What is needed is a mass, working-class, socialist party, organically connected to organized labor and the broader working class. Such a tool is needed to harness the energy and anger of the youth, to focus it on bringing down the entire crisis-ridden, racist capitalist system. We also need a cadre of professional revolutionaries, steeped in Marxist theory and tempered in the struggles of our class, to infuse the future mass party with intransigent class-independence and the long view of history.

This heroic movement is an inspiration for the entire world. After all, if these events can happen in the “belly of the beast,” they can happen anywhere!

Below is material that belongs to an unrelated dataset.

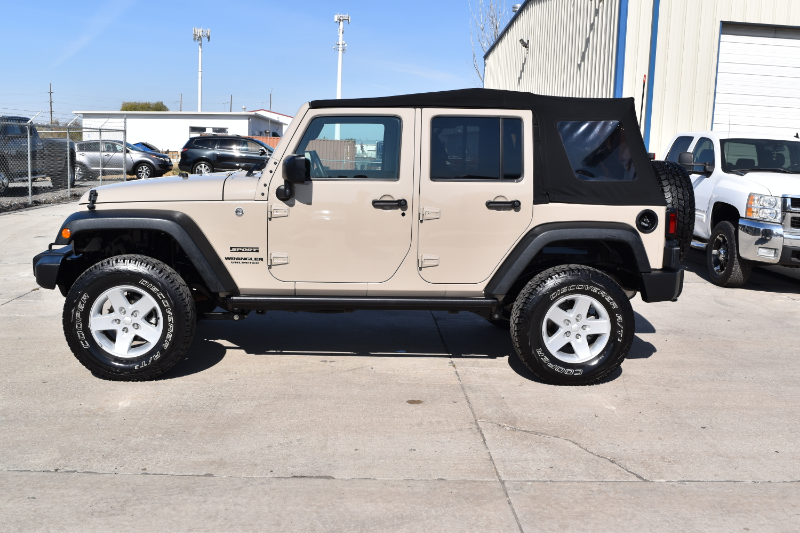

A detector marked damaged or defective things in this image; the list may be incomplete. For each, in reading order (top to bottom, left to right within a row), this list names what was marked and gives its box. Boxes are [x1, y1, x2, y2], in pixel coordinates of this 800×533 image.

pavement crack [432, 310, 524, 532]
pavement crack [482, 420, 648, 482]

What we are witnessing is not yet the Third American Revolution. But these are undoubtedly the opening shots of a revolutionary epoch, one that will end “either in a revolutionary reconstitution of society at large, or in the common ruin of the contending classes.” In short, the very fate of humanity is at stake if we are to survive the combined catastrophes of climate change, coronavirus and capitalism. The writing is on the wall for this system and its defenders. The only way to “flatten the curve” of the capitalist disease is to get organized to eradicate it altogether in the next historical period.

  • To fight killer cops, fight capitalism!
  • For working-class unity – an injury to one is an injury to all!
  • Build democratically elected and accountable neighborhood self-defence committees everywhere!
  • Organised labor must join the movement, facilitate the linking up of neighborhood committees, call a general strike, and bring the country to a halt!
  • Down with Trump, the Republicans, and the Democrats! For a mass working-class socialist party and a workers’ government!